Nous revoilà dans la situation de mai 2002, lors de la nomination du
premier gouvernement dirigé par Jean-Pierre Raffarin : les personnes
handicapées sont à nouveau engluées dans un ministère tentaculaire de
la santé et des solidarités dont les compétences englobent enfance,
famille, personnes âgées et handicapées. Le tout confié à un ministre
qui est en campagne électorale pour son parti politique (l'U.M.P), son
candidat à l'élection présidentielle (Nicolas Sarkozy) et son propre
compte : Philippe Bas va, en effet, pour la première fois, affronter
les électeurs dans l'espoir de devenir député de la circonscription
d'Avranches (Manche). Il consacre à ce dernier objectif une bonne partie
de son temps de travail, son agenda de ministre se réduisant désormais
à deux ou trois jours d'activités par semaine. La circonscription lui
est pourtant acquise, sauf accident : le siège est vacant depuis octobre
dernier, mais son titulaire depuis démissionnaire, René André, avait
été réélu au premier tour au titre du parti majoritaire, l'U.M.P, avec
plus de 53% des suffrages. Autant dire que Philippe Bas fera probablement
partie du futur gouvernement si son camp l'emporte aux présidentielles
puis aux législatives. Mais prédire qu'il reprendrait le portefeuille
des personnes handicapées ne serait que pure spéculation, tant on sent
l'ambition chez ce haut-fonctionnaire qui a fait ses armes auprès de
Jacques Chirac, au secrétariat général de la Présidence de la République.

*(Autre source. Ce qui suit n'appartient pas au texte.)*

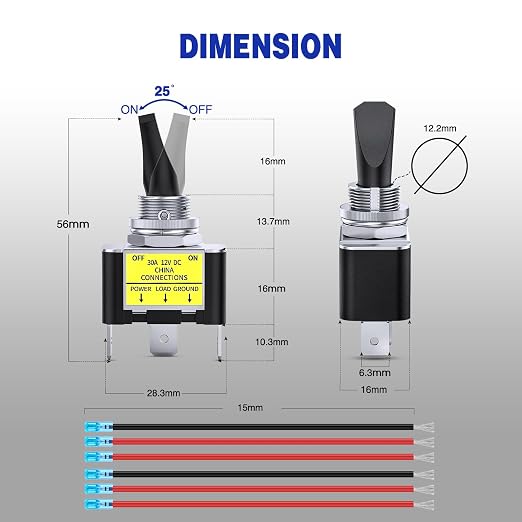 Nilight 2PCS Green LED Toggle Switch 12V DC 30A 3 Pin On Off 2 Position Heavy Duty Rocker Switch with 14AWG Wire for Automotive Cars Trucks Boats Racing Cars Auto Boat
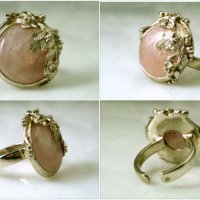 сребърен пръстен с розов кварц - ръчна изработка, бутиков модел, снимка 2 - Пръстени - 39407588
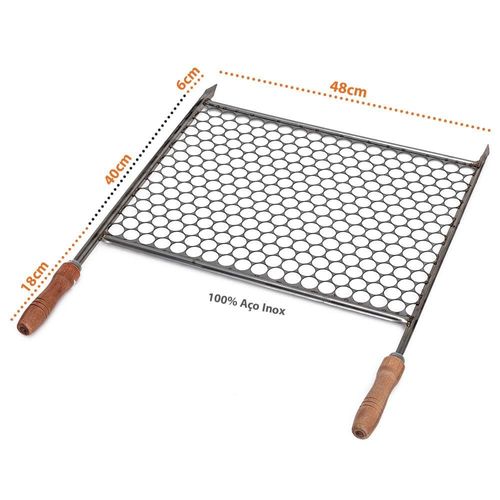 Grelha Moeda Utimil CR559 em Aço Inox - 38 x 48 cm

Dans le même temps, on voit bien que le handicap a cessé d'être une
"priorité nationale". Le débat politique actuel laisse par ailleurs
peu de place aux classes moyennes pressurées, aux salariés pauvres qui
n'arrivent pas à se loger décemment, au chômage traité à la manière
des travaillistes anglais c'est-à-dire par l'expurgation permanente
de la liste des demandeurs d'emploi pour en faire baisser le nombre,
au sort encore misérable des plus vulnérables des citoyens que sont
les personnes handicapées maintenues en dessous du seuil de pauvreté.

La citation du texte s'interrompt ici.